摘要:青年流行语是青年生存状态、价值观念和情感诉求的时代镜像,包含日常生活镜像映射型流行语、身份认同符号确证型流行语、公共议题批判融入型流行语、社会主流价值观转化调适型流行语等样态。青年流行语既是青年思维活跃、创新思辨、自我认同等特征的外化,又受到社会文化、媒介传播场域、圈层破壁等影响,需要将其放置在社会生活与交往加速、青年群体圈层与破壁融合以及代际差异与对话驱动中进行审视。
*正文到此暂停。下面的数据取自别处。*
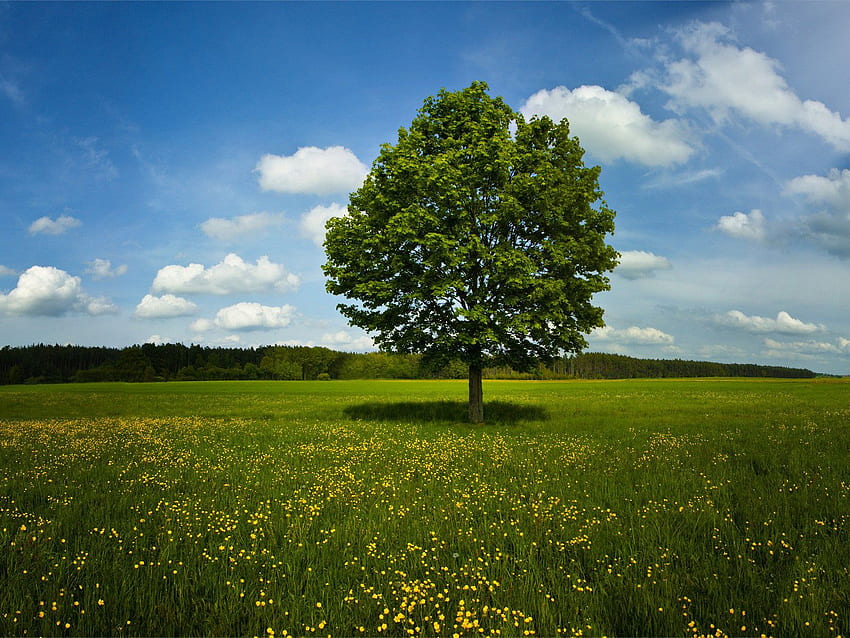 Alone Tree Green Fields - Cool - HD wallpaper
推动青年流行语健康发展和演变,应注重把握青年的精神生活和思想脉搏,从内容生产、融合共振、话语形式等维度构建符合社会主流价值观的青年话语体系,推动青年流行语与社会主流话语的接入融合,运用数智技术赋能话语的生成、传播与再造,使青年流行语既贴近青年实际,又具有深厚底蕴和价值导向,成为连接青年和社会的纽带,发挥其理解青年、引领青年、形塑青年的重要作用。
关键词:新时代;青年流行语;话语;圈层
作者简介:周琪,西南大学马克思主义学院教授、博士生导师;宋文静,西南大学马克思主义学院。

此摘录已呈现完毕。